Voorwaardelijke beëindiging van de dwangverpleging na advies van reclassering en FPC

In de zaak met parketnummer 16/120291-02 heeft de Rechtbank Utrecht op 30 november 2012 een beslissing genomen over de voorwaardelijke beëindiging van de dwangverpleging van de terbeschikkinggestelde. De rechtbank heeft, na het horen van de reclassering, de officier van justitie en de raadsman, geconcludeerd dat de dwangverpleging niet langer noodzakelijk is. De terbeschikkinggestelde, die zich goed aan de afspraken met de reclassering houdt, heeft aangegeven bereid te zijn om aan strenge voorwaarden te voldoen.
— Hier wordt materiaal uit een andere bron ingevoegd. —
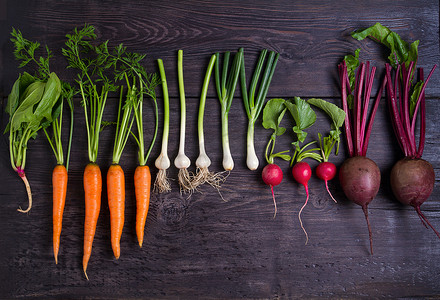 胡萝卜，甜菜，萝卜，洋葱，大蒜，菠菜 - 黑木背景的根菜。夏季农场蔬菜。食物背景，布局，文本空间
De reclassering heeft in haar rapport van 23 november 2012 geadviseerd om de verpleging voorwaardelijk te beëindigen, onder bepaalde voorwaarden die zijn besproken tijdens de zitting.

De rechtbank heeft de voorwaarden voor de beëindiging van de dwangverpleging vastgesteld, waaronder het niet recidiveren, het niet verhuizen zonder toestemming van de reclassering, en het meewerken aan urinecontroles indien de reclassering dat nodig acht. De terbeschikkinggestelde moet ook openheid van zaken geven over zijn netwerk en financiën, en hij moet zich houden aan de voorwaarden die zijn gesteld door de reclassering. De rechtbank heeft de beslissing genomen op basis van het rapport van de reclassering en het verhandelde ter zitting, waarbij de rechtbank de voorwaarden heeft aangepast op basis van de inbreng van de terbeschikkinggestelde en zijn raadsman.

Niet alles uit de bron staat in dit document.